How to complete this task → All entries need to be written out again exactly, without their pictures.

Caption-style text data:
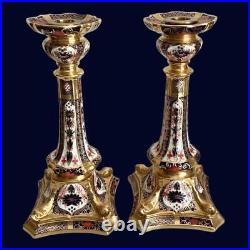 Pair 1982 1985 Royal Crown Derby Old Imari Candlesticks 1128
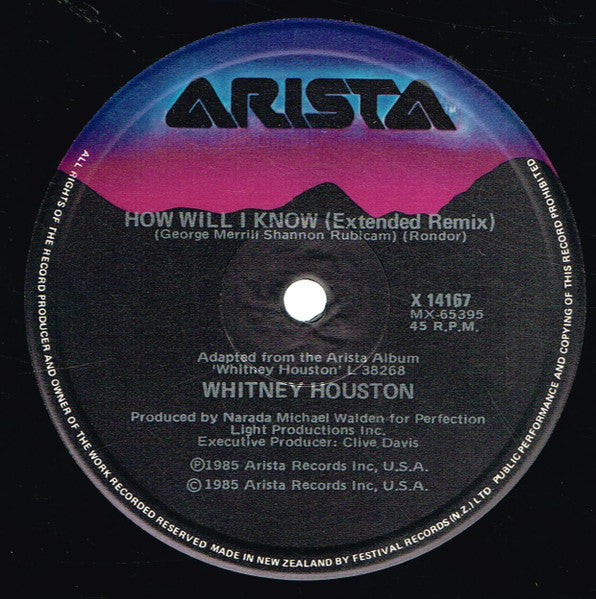 Whitney Houston : How Will I Know (Extended Remix) (12", Single, Ltd)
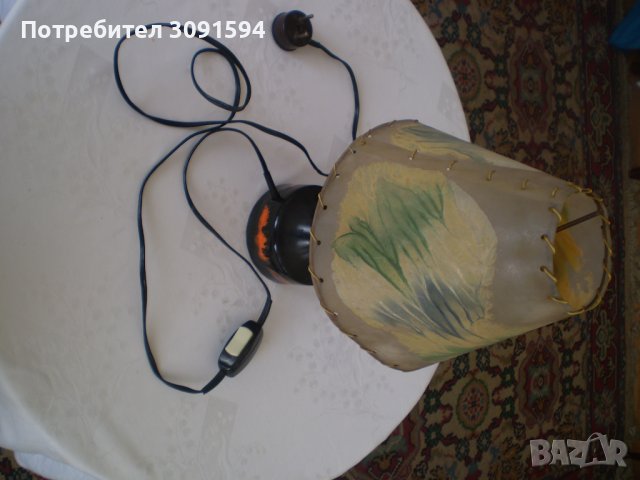 стара керамична лампа със рисуван абажур , снимка 10 - Антикварни и старинни предмети - 39776863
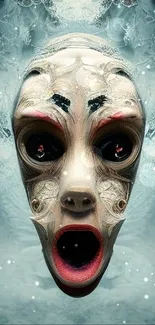 Futuristic alien face art wallpaper.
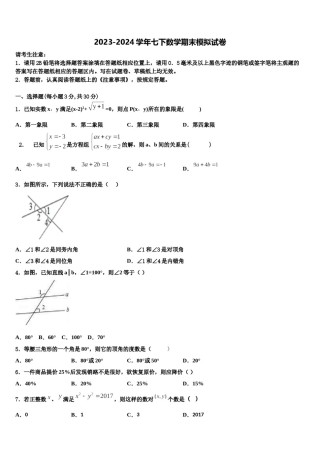 2023-2024学年河北省高碑店市七年级数学第二学期期末教学质量检测试题含解析.doc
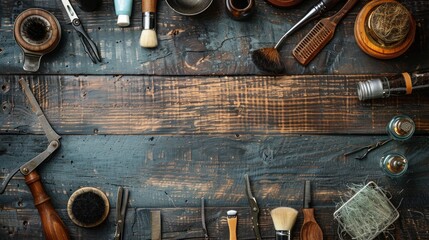 Vintage Barber Shop Tools on Rustic Wooden Background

Exercise answer →
 Pair 1982 1985 Royal Crown Derby Old Imari Candlesticks 1128
 Whitney Houston : How Will I Know (Extended Remix) (12", Single, Ltd)
 стара керамична лампа със рисуван абажур , снимка 10 - Антикварни и старинни предмети - 39776863
 Futuristic alien face art wallpaper.
 2023-2024学年河北省高碑店市七年级数学第二学期期末教学质量检测试题含解析.doc
 Vintage Barber Shop Tools on Rustic Wooden Background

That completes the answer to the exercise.